After hydrolysis by PETase and MHETase, PET is broken down into terephthalic acid (TPA) and ethylene glycol (EG). Therefore, we constructed a metabolic pathway for assimilating TPA in V. natriegens. TPA is commonly metabolized via enzymes that convert TPA into protocatechuic acid (PCA), followed by further catabolism through the benzoate pathway. V. natriegens proved to be an ideal chassis for this project as it demonstrated cell growth in minimal media with PCA as the sole carbon source. We will present our efforts to enable TPA catabolism in V. natriegens by first prototyping the necessary transporters and metabolic enzymes in E. coli, demonstrating growth of E. coli using TPA as a sole carbon source for the first time.

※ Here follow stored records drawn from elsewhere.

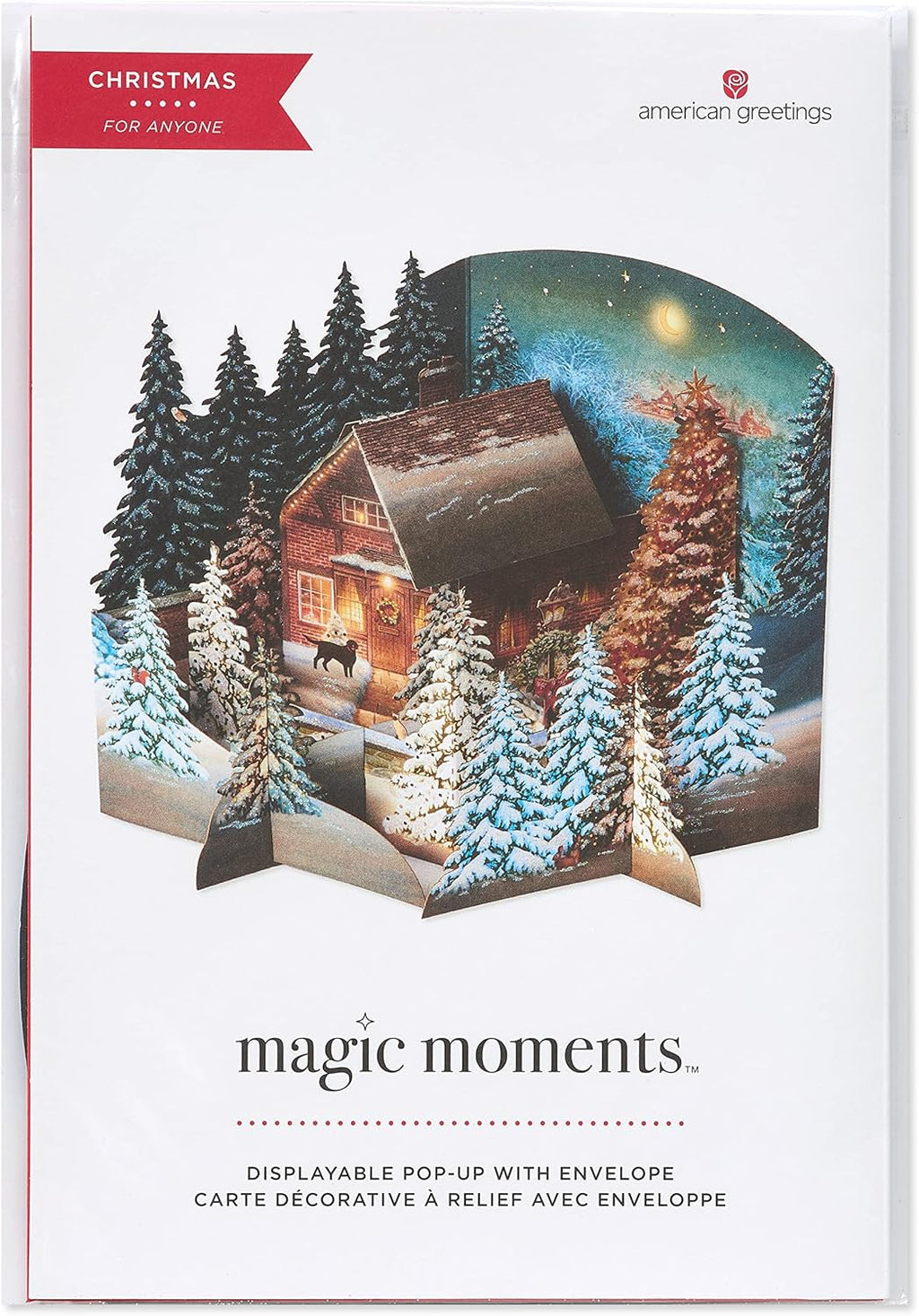 American Greetings 3D Holiday Card - Magic Moments Rustic Cottage in Winter Pine Forest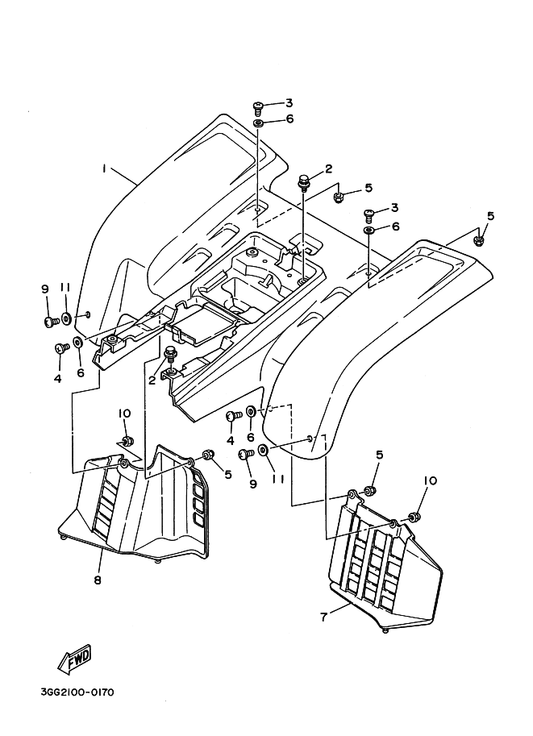 Yamaha 3GG-21621-00 Flap — shown on the Rear Fender parts diagram
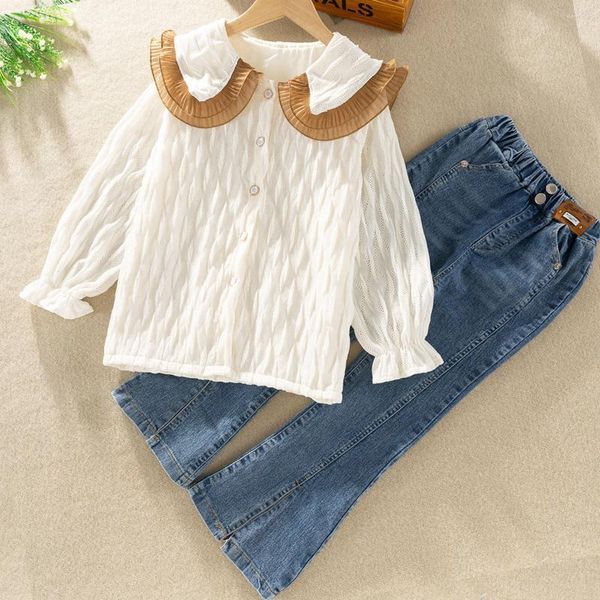Conjuntos de roupas terno para meninas crianças roupas moda babados colarinho blusa casual bifurcada calça jeans 2 peças primavera bebê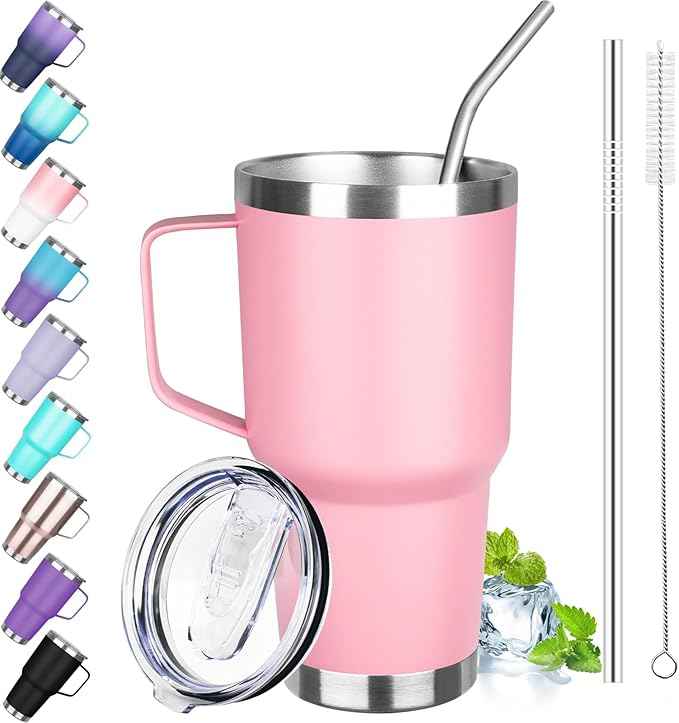30 oz Stainless Steel Tumbler with Handle, Double Wall Vacuum Insulated Coffee Mug Tumbler with Lid and Straw, Thermal Cup for Cold and Hot (Pink)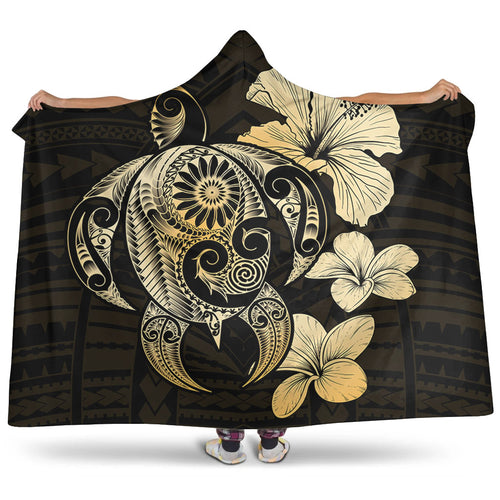 Hawaii Hooded Blanket Hibiscus Plumeria Mix Polynesian Turtle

Finally, we will describe our efforts to apply directed evolution for improving the surface display, PETase, and TPA degradation efficiency. For this purpose, we will describe a combination of error-prone PCR and in vivo mutagenesis (using temperate phage), followed by fluorescence-activated cell sorting and growth-based selections. The ability of these evolved strains to grow on PET as a sole carbon source in seawater media will also be presented.

Implications

Our project proposes a sustainable in situ bioremediation strategy for PET microplastic pollution. The engineered V. natriegens with the two-enzyme system may be able to perform as a whole-cell catalyst that can be easily separated or recycled by centrifugation and proliferated by cultivation so that it can overcome the major limitation of enzymatic PET recycling - product inhibition. Our research also contributes to the advancement of synthetic biology by expanding the genetic toolkit of V. natriegens, an under-characterized bacterium with superior growth rates compared with E. coli and yeast. Specifically, we have enabled surface display of heterologous proteins by V. natriegens for the first time. Taken together, this work expands the knowledge about engineering V. natriegens, and establishes a promising strategy for mitigating PET accumulation in seawater.